The probability an individual value is missing depends on unobserved variables and cannot be completely explained by variables that have been collected

What to do?

Ignore it
- Worst approach as it reduces sample size and power
Prevent it
- Try to design the survey to minimize non-response
Statistical methods
- Imputation - Estimating missing values from information from other observations
  - Divide data into homogenous strata and determine the variables to impute

Sampling Strategy

We could determine if a intervention is meeting the target through a census, sampling plan ,or LQAS.

LQAS

LQAS is a primary classification tool
- Lots are classified as performing "acceptable, unacceptable, low or high"
The goal is to shift resources with unacceptable coverage and study best practice with acceptable coverage
Classification is based on the sample from the population
We just need 19 households to sample, a much smaller sample than most population estimates
To classify as high or low we need to define a target, or decision threshold
- We to choose a threshold that makes the chance of a mistake very small
- We want at least 1 - alpha chance to be in the upper category based on probability for being in the upper (chance of is type 1 error is alpha)

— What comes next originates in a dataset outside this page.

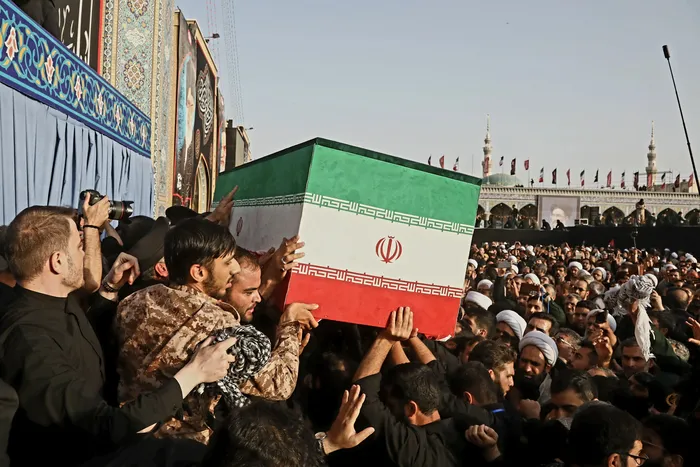 Ceremonia del fallecido líder supremo iraní, Ali Jamenei, el 7 de julio, en Irán. · Foto: AFP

As always increasing sample size decreases error. Also we can decrease the size of alpha.

LQAS classifies whether something is likely to meet the threshold or not. It does not measure prevalence or probability.

Time Series

A times series is a set of data point collected over time,. These might be measurements of a daily process and are quite common in surveillance. Statistical models for time series is indexed by time (X or y) and may or may not be independent or identically distributed.

Collection tools and methods

Regression methods for modeling trends
Fourier/wavelet analysis for modeling seasonality
ARIMA modeling for correlation

When modeling a time series we can choose to use a retrospective or prospective approach to analysis. This allows use to use times series for event detection, interpretation of past results, forecasting or decision making.

General Approach

Plot the series and examine the main features
- Trend
- Seasonal component
- Any apparent changes in behavior
- Any outlying observations
Model trend and seasonal components to get stationary residuals
- Regression methods are useful for this
Choose a model to fit the residuals
In some settings, forecasting can be performed by forecasting the residuals and then adding on predicted trend and seasonal component

Once we have a time series model we can apply it to a retrospective or prospective application.